4. It could be seen that that the term 'Collector' has not been defined in Section 2 or elsewhere in the Act. "Gold Control Officer" is appointed under Section 4, Under Sub-section (4), the Administrator can delegate powers other than in (i) Clause (6) (exercise of functions and powers conferred on officers lower in rank to the Administrator); (ii) Clause (a) of Sub-section (1) of Section 80; and (iii) under Section 81. Under Section 80(1)(a), any person aggrieved by any decision by a Collector of Central Excise or Customs, can appeal to the Administrator; and under Section 81, the Administrator has power of revision.
5. Sections 80, 81 and 82 have been substantially amended by Section 50 of the Finance (No. 2) Act, 1980. According to Section 80(1), an appeal from an order passed by a Gold Control Officer lower in rank than a Collector lies to the Collector (Appeals). According to Section 81(1), appeals to the Appellate Tribunal lie against (a) an order passed by a Collector as an adjudicating authority; (b) an order passed by a Collector (Appeals); (c) an order passed by the Administrator, Collector or Appellate Collector under Section 80 as it stood immediately before the appointed day; and (d) an order by the Administrator, either before or after the appointed day, under Section 81, as it stood immediately before that day. From this it is clear that an appeal against an order passed by an officer lower in rank than a Collector does not lie to the Tribunal but to the Appellate Collector or Collector (Appeals). The question that then arises is whether an Additional Collector is an officer lower in rank to a Collector for purposes of the Gold (Control) Act.
6. Under Section 78(a), a Gold Control Officer not below the rank of a Collector of Central Excise or of Customs has power to adjudge confiscation or impose penalty without limit. Under Clause (b), the Central Government can specify the limits regarding confiscation and penalty for other Gold Control Officers not below the rank of Superintendent of Central Excise. In exercise of powers conferred by Clause (b) of Section 78 read with Sub-section (e) of Section 116, the Central Government has limited the powers of Additional Collector of Central Excise or Customs to gold involving a value not exceeding Rs. 10 lakhs Notification No. 3/81--GC, dated 1.8.81.

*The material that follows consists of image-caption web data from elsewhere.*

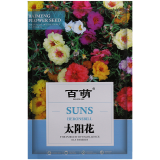 百萌重瓣太阳花花种子四季播种开花易成活花籽阳台室内盆栽苗花卉种孑 重瓣太阳花种子  混色型 2克约2万粒 厂商封装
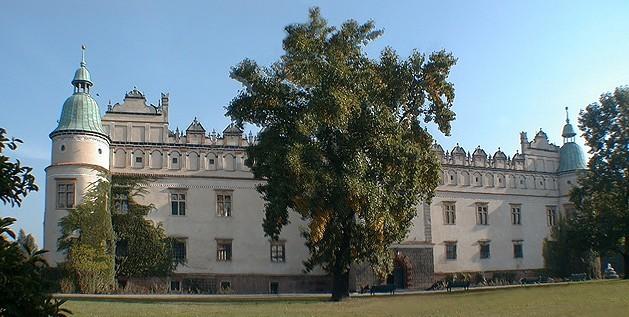 בית מלון כפרי Zamek W Baranowie Sandomierskim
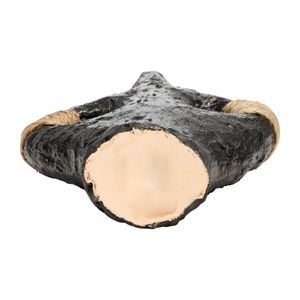 VALEBEACH BLACK VASE 14 (IN) 7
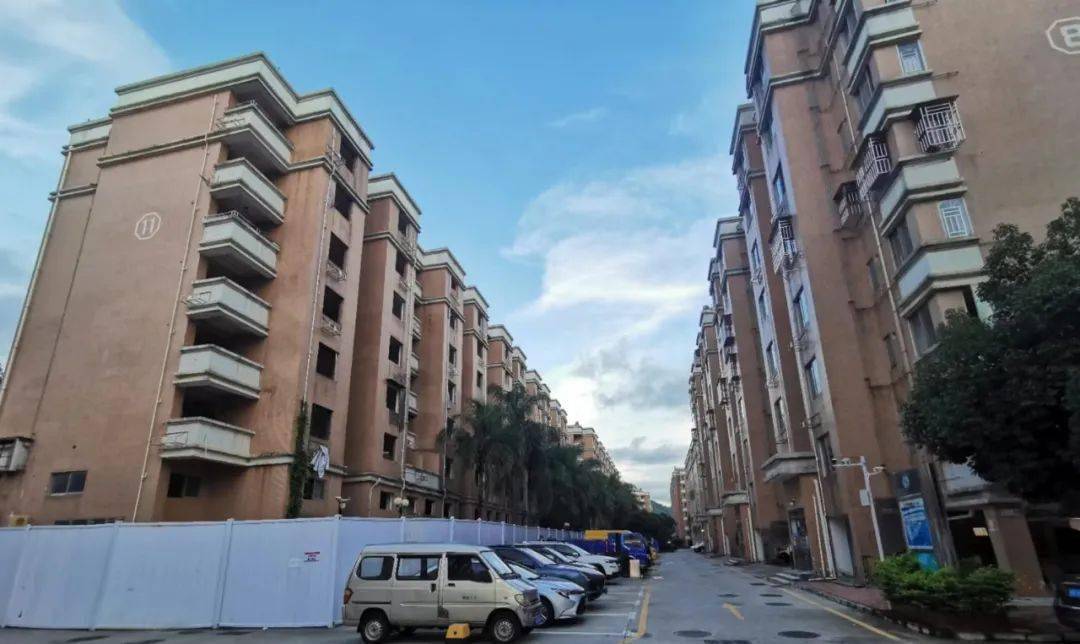 拆房后围挡圈地了事废墟上搭窝棚收废品(图4)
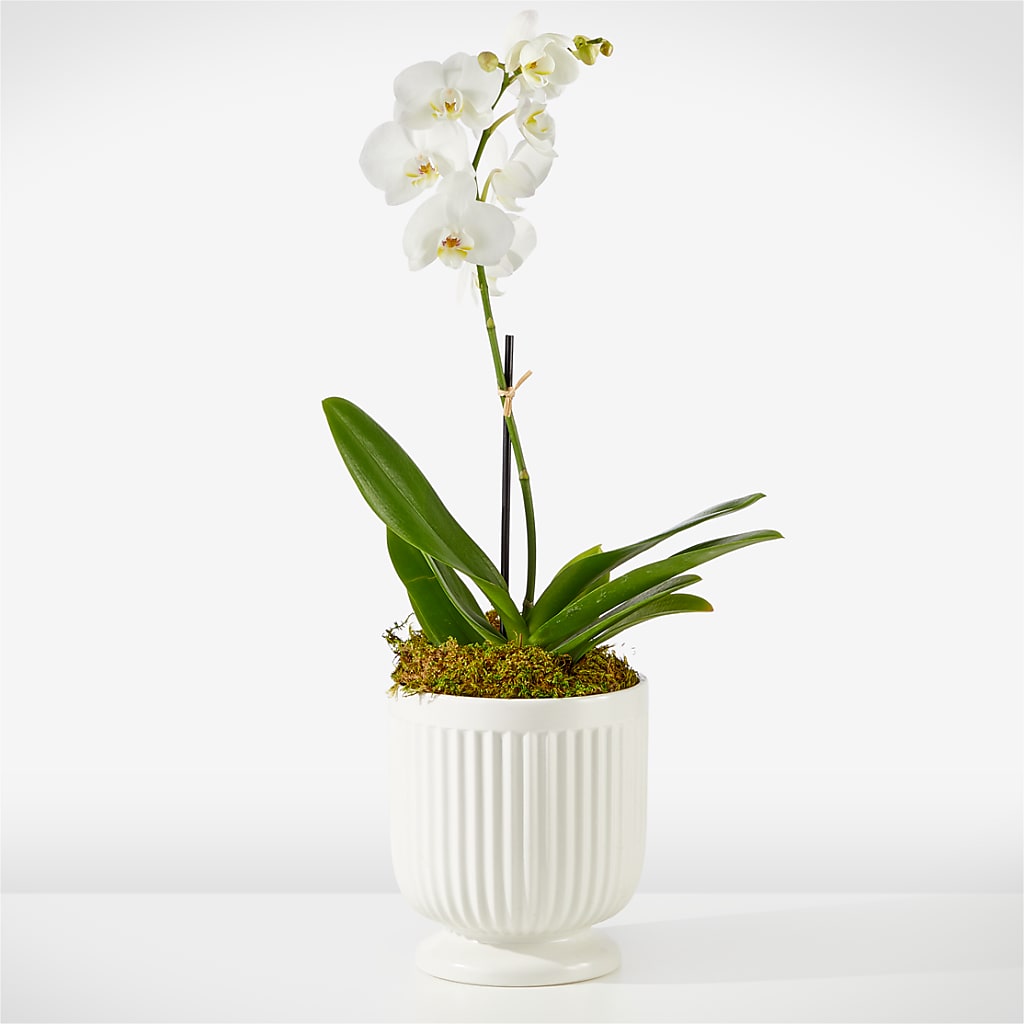 Whispering White Orchid –  Heliconia Flowers Of Colombia, Cuddebackville NY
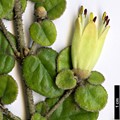 SpeciesSub: var. nummulariifolia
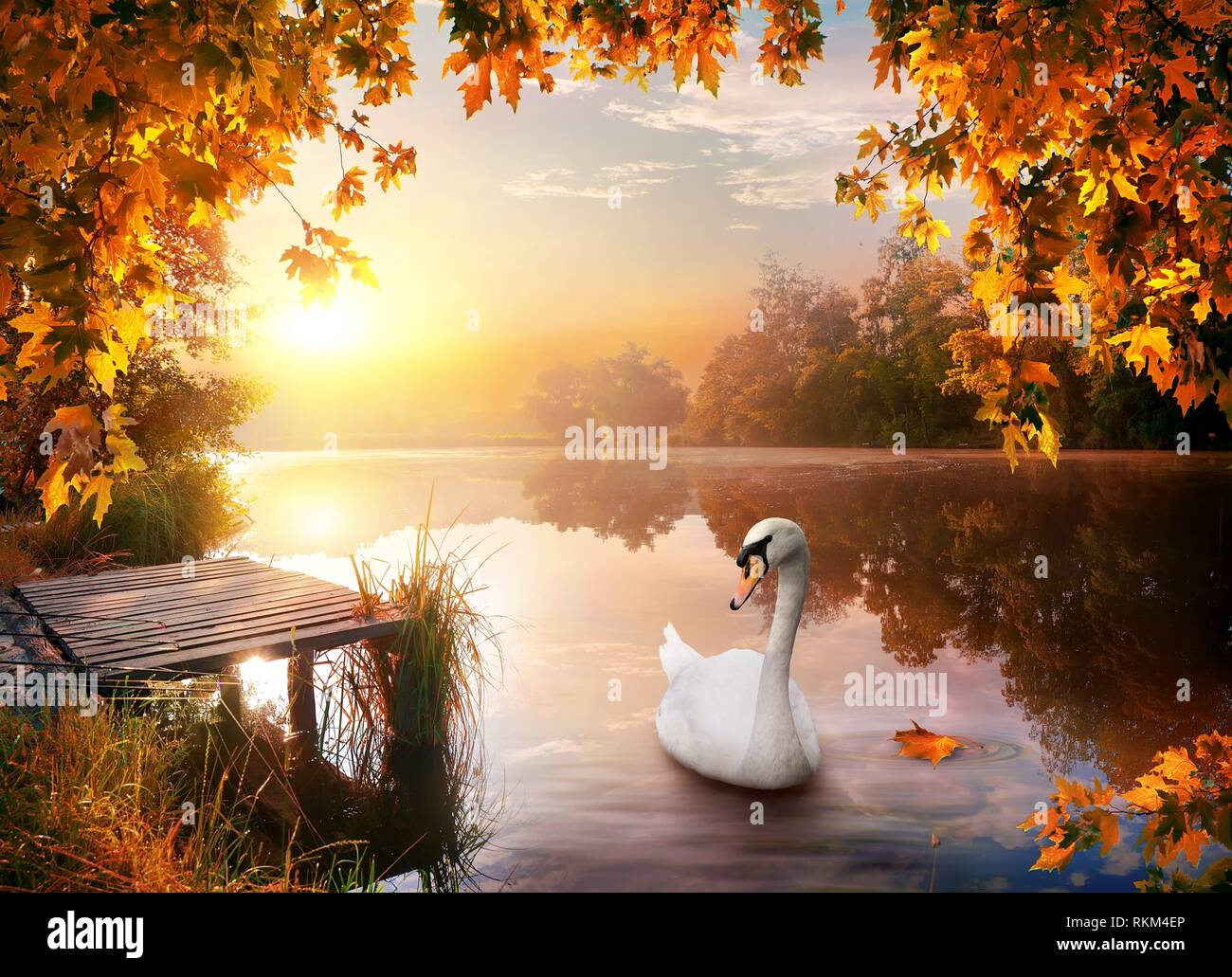 White graceful swan on autumn river in forest. Stock Photo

7. From this it is clear that an Additional Collector is not a Collector, within the meaning of Section 78(a). In view of what has been stated in para 5 above, on appeal against an order passed by him does not lie to the Appellate Tribunal but to the Collector (Appeals).
8. The Tribunal orders that the appeal be remitted to the Appellate Collector, Delhi for disposal according to law.